Today, we are going to explore anonymous routing, techniques for routing that protect the identity of the sender and the receiver.

What Do We Need?

We a way of sending a message from one machine, to another machine, without anyone in the middle knowing from where it came or to whom it is going. This is almost possible. The first node is going to know where it came from. And, the last node is going to know where it went. But, the nodes in the middle, can be like the random long path from point-A to point-B, as much to generate confusion as to get from one place to another.

If I were taking you for a drive and wanted to keep the location secret from you (think CIA safe house), other than blind-folding you, I'd pick the route in advance. It wouldn't be the shortest or simplest path. It would just be confusing. And, to make sure no one accidentally told you anything, I might you a bunch of different taxis, each one just knowing to get you from Point-A to Point-B, not where you were eventually going, nto where you originally came from, and not necessarily even which was the last stop.

And, every time I took someone to the safe house, I'd use a different route and different drivers, so no one figured anything out, e.g. there's usually anther driver waiting over there, or "last stop".

And, of course, if you happened to be carrying any secrets, I'd want them encrypted and inconspiciously hand-cuffeed to your wrist.

How Do We Acheive This In Software?

First, we need to establish the network of taxi drivers. We need a set of nodes that will do this type of hop-to-hop routing for us, accepting messages and forwarding them as needed.

Then we need a way of expressing our route to those among this network of nodes that we choose to use -- without letting them all see it. To do this, we first pick our nodes, and then negotiate with each of them a key to use to encrpyt the messages for their hop. What they get when they decrypt each is another message. The payload is encrypted, but the header is not and gives them the next hop. the last hop hands off the message, either encrypted such that the destination can decrypt it, or not at all.

So, first we pick some arbitrary routing. Then, we negotiate this set of keys with each hop. Finally, we encrpyt the message so each hop can decrpyt it in turn. Now, we send our messge to the first router, and it flies from there.

What we have created here is essentially a virtual circuit. We've set up a path from Point-A to Point-B. But, since we had to negotiate all of these keys, we want to use it for at least a while. So, we send a bunch of messages through before creating an new one. This amortizes the communication cost over time.

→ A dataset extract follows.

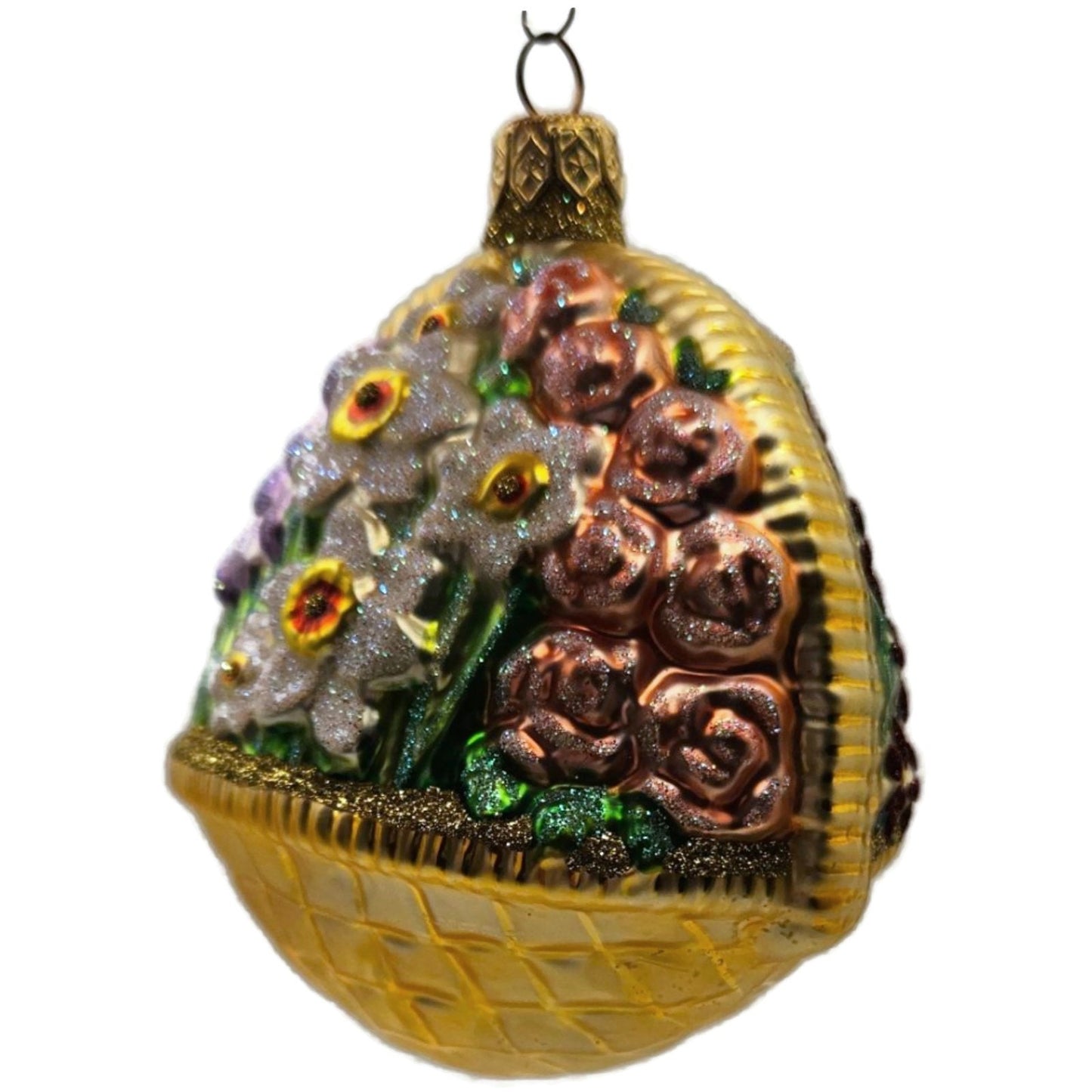 Patricia Breen Flowers For My Love Purple Tulip Basket Spring Christmas Ornament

But, of course, not too much time. We want to switch routings again fairly soon, so that traffic analysis doesn't show our pattern of traffic through this set of routers.

Tor

The system as described above is essentially tor. In addition Tor offers anonymous roundezvous services. In other words, it allows clients and servers to connect anonymously to each other using the anonymous Tor network to generate a virtual meeting place that is not at either system.

Beyond Tor

Tor hides the actual routes. And, it uses virtual circuits for only about 10 minutes, to balance the amortization of the cost with the desire to keep things changing.

But additional levels of protection might be needed against determined adversaries. For example, traffic analysis might show that the source, the destination, and certain linkes are "hot" at certain times. Or, certain timing artifacts might be noticed at one node and observed at another.

To combat this problem, it is possible one can generate a bunch of bogus traffic to dilute the real traffic. One can also bundle messages together somewhat arbitrarily at the various nodes, only unbundling them later to mix the traffic streams. It is also possible to have the various routing nodes introduce random timing artifacts, such as jitter, delay, or reordering.